そんなことがあって何年か経ったころ、地元の自治会の役員当番になり、たまたまその寄り合いで別の「雨宮」さんに出会った。周りの既にその方を知っている人々は彼を「あまみや」さんと呼んでいて、当の彼もそれについて付言しなかった。わたしは話題として同僚の「あめみや」さんの話をした。

すると・・・。

その「あまみや」さんは、話が終わったあとわたしのところに来て耳打ちする。
「実はね、わたしも本当は『あめみや』なんですよ。親戚も山梨に多いです。この地に来てみんなが『あまみや』と呼ぶので、いちいちそうではないというのも面倒だからそのままにしているんです」
そう言って「あめみや」さんはいたずら小僧のような顔をして笑った。

そう言えば、つりバカの伝助氏も最近は「はまざき」ではなく「はまさき」という当初の件はほとんどなくなったようだ。もっぱらこれは愛称1本ハマちゃんが定着したから問題ないが・・・。

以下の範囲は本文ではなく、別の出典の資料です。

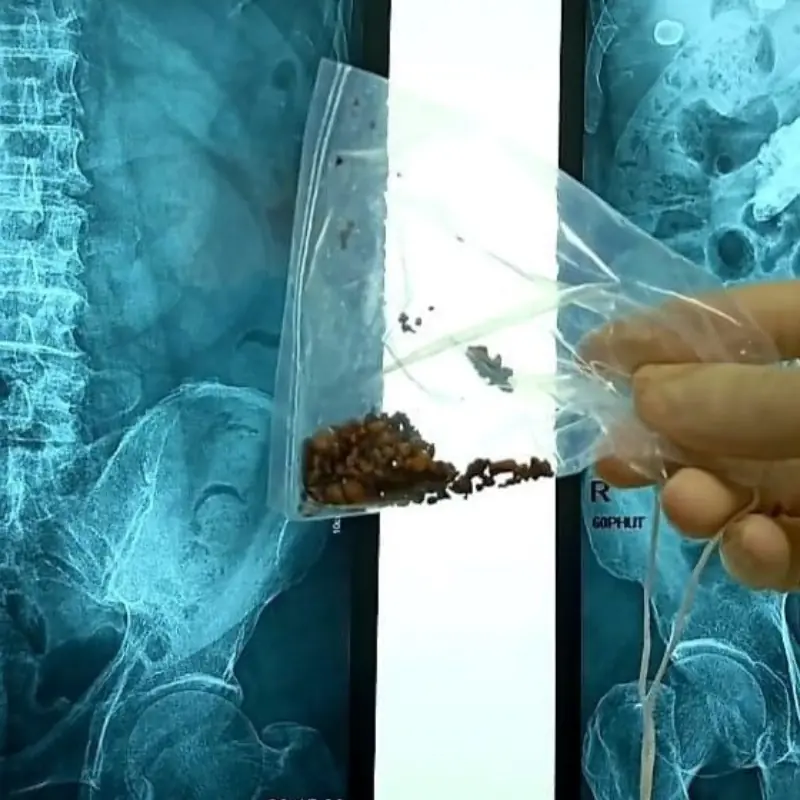 Gallstones are a common disease, affecting 8-10% of the population. Here are the symptoms and treatments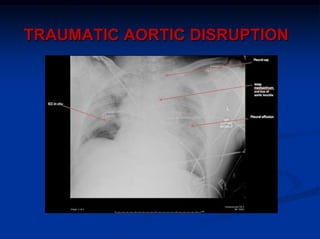 TRAUMATIC AORTIC DISRUPTION
 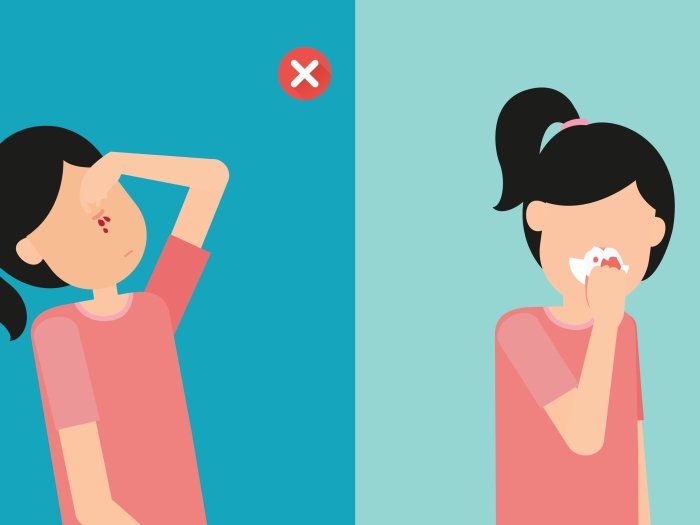 To stop a bloody nose, lean forward, not backward.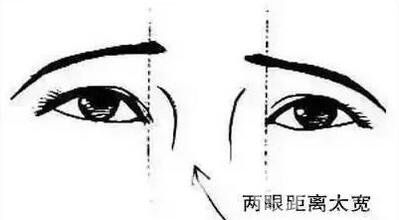 開眼角疼嗎？這幾種情況開眼角*果堪比換頭！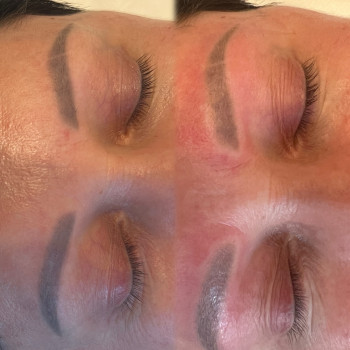 Удаление тату или перманентного макияжа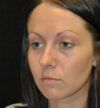 Rhinoplasty case #15265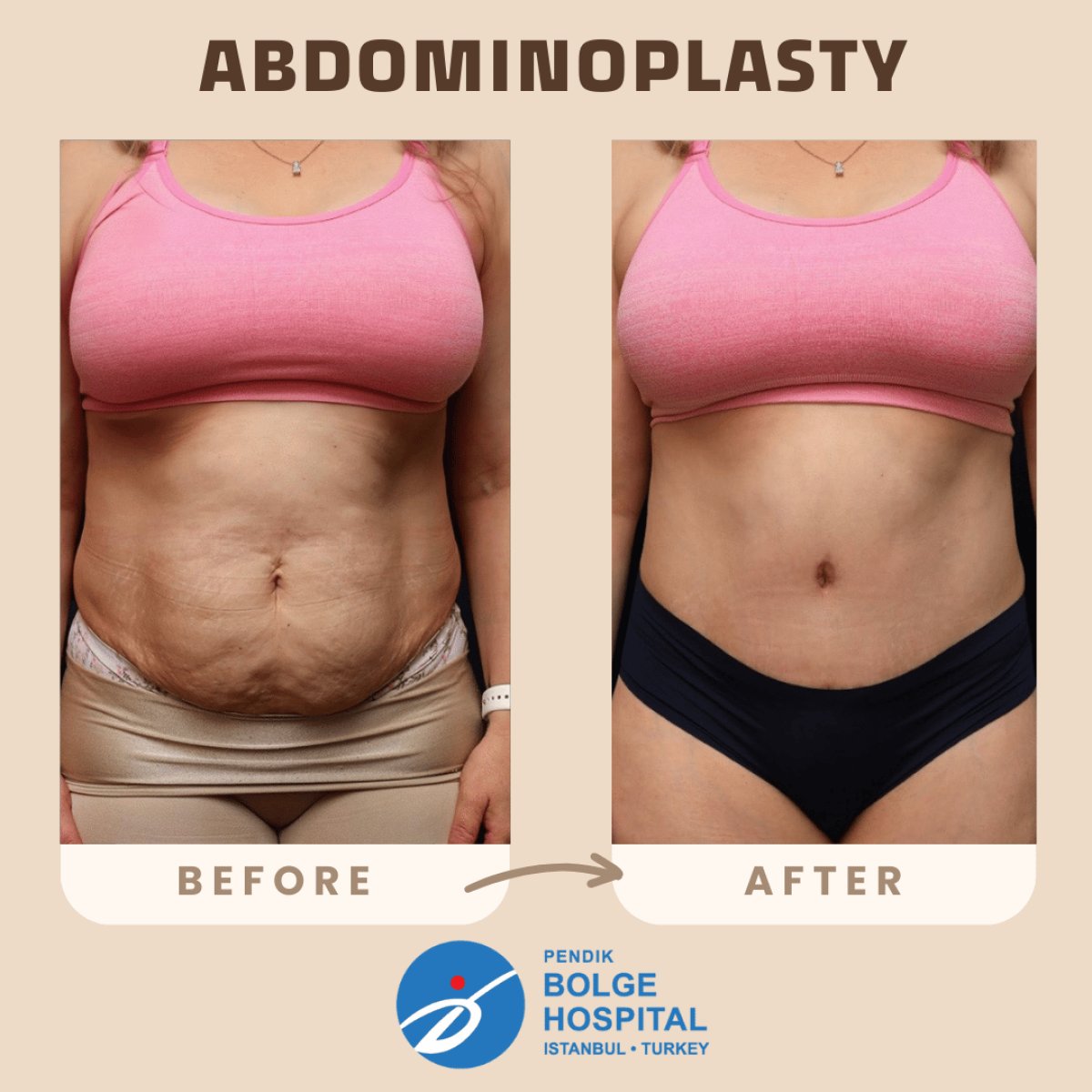Before and after tummy tuck results at Bolge Hospital, visible abdominal contour improvement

苗字というのは生まれつき公理のように自らに付いてくるのだが、こうした小さな変化や呼び方の違いを見ると必ずしも硬直したものでもないという印象を受ける。

毒島さんの話

ビジネス関連でこんなこともあった。
昔、東映フライヤーズの3番打者で、毒島という名選手がいた。
実況放送でアンウンサーから初めてその名を聞いたとき、これはまたものすごい名前だなあ、と思った。
字も字だが、読み方もすごい。毒島と書いて「ぶすじま」と読むのである。
男だからいいもののこの家族で女の子がいたらさぞかし冷やかされるだろう、とマジで気の毒に思った。

ところが同じ名前の女性に会う機会がついに訪れた。
社の取引先の女性に「毒島さん」がいたのである。
初対面の時、彼女それはそれは恥ずかしそうに名乗られた。
しかし、その方はお世辞ではなく、とても清楚でしかも十人並み以上の美人。性格もとてもよさそうな方だった。
従って、「毒島」という苗字についても、その直後、その方を前にして堂々と話題にすることができた。
ホントにブスいや顔に不自由のある方だったらとても話題にはできなかっただろう。
もしかすると、日本の毒島一族は、必ず美男美人を配偶者とするという鉄則で臨んでいるかも知れない。
これは、意外とねらい目かも(何の話だ?)。

わたしの話

苗字では、わたし自身にもちょっとした話がある。
ここでは本名を名乗るつもりはないので説明がし辛いが、要はイントネーションの話である。
故郷にいたときとはまったく逆のイントネーションで東京で呼ばれることがいまでも多々ある。

たとえば、同じようなケースとしては・・・。
山崎という名前などがいい例かも知れない。
東京では「ま」にアクセントがある。
金沢では「ざ」にアクセントがある。
これは相当にちがう。試しに呼んで見てもらいたい。
東京アクセントはマスコミでよく話されているのでどの地区でも耳慣れているだろうが、「ざ」にアクセントのある山崎はとても奇異な感じに聞こえるだろう。

わたしの名前も、ほぼ山崎のケースと同様で、東京のある友人に何度訂正の抗議をしても、東京アクセントでわたしを呼ぶ。
いまはもう諦めてそのままにしているが、「あまみや」と「あめみや」ほどの違いはないにしても、当人にとってみればまったく別という感もあるのだ。

豊島さんの話

さて、冒頭の豊島にもどって。
もし現在の利根町に住む豊島氏のほとんどが「とよしま」と言い、しかも、それでも皆、豊島頼継の末裔だと仮定したら、どういうことなのだろうか?

どこかで、としま→とよしまの変換が行われたということになる。
もしそうだとしたら、それはいつ、何故か?

わたしはこんなことを想像して楽しんでいる。
また、少しずつ、真実が分かってきて、想像したことと同じだとするととても気分がいい。
例えば、次のようなことだ。

いまは余程のことがなければ改名などはできないというが、同じ字でもイントネーションが違えばぜんぜんちがうものに聞こえる場合もある。年月とともにそれらは風化もする。「としま」も「とよしま」もまた後年、その人気度は逆転するかも知れない。
妙な名前と思ってもそれほど拘ることはないのかも知れない。

でも所詮そのようなものであるなら、姓名くらい各自が自由に使えるハンドルネームでいいのじゃないかとも思う。
それこそ、苗字や姓という言葉など無くして、妙字というネーミングにしてしまえばいい。

銀行かなんかで、

「203番、タヌポンさん、どうぞ」

と言われると、いまはちょっと恥ずかしいが、そのうちだれも何も驚かなくなる日が来るにちがいない。